I think looking at variables one by one is probably the most
reasonable strategy here. Chapter 3 clearly says that before fixing or
removing missing values, we need to understand why they are missing in
the first place. If we blindly impute everything, we may destroy useful
structure in the data. For example, if hail was not
recorded for some class and is mostly NA in that particular outcome
class, and we apply something like KNN imputation, we could lose that
structured missingness and replace it with artificial values.

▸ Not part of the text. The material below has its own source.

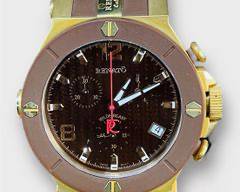 Renato Wilde-Beast Panda Mother of Pearl Quartz Chronograph Sports Watch Ref. R0580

Based on the analysis, and especially since most predictors are categorical, it makes more sense to apply different approaches instead of one single rule for all predictors.
The most important step would be to investigate why the data are missing. If possible, I would try to trace back the data collection process and collect the missing values. Sometimes missingness is caused by recording errors or incomplete measurement. If the original data cannot be recovered, then we need to decide whether to remove the predictor or apply imputation.
Some predictors (like hail and several others) are 100%
missing for certain classes. That is clearly not random. It looks
structural and class-related. In this case, NA itself contains
information. So replacing missing values with the mode would be wrong. A
better idea is either to treat NA as its own category (“Missing”) or to
use models like tree-based methods that can naturally handle missing
data.
If a predictor has many missing values but they are not clearly related to class, then it may not be very useful. Keeping such a variable may only introduce noise. In that case, removing it might be more stable than imputing many artificial values.
If only a few values are missing and there is no class dependency, then simple imputation is reasonable. For categorical variables, replacing with the most frequent level may be enough. More complex methods like KNN imputation are possible, but for this dataset size it may be unnecessary and could even introduce instability.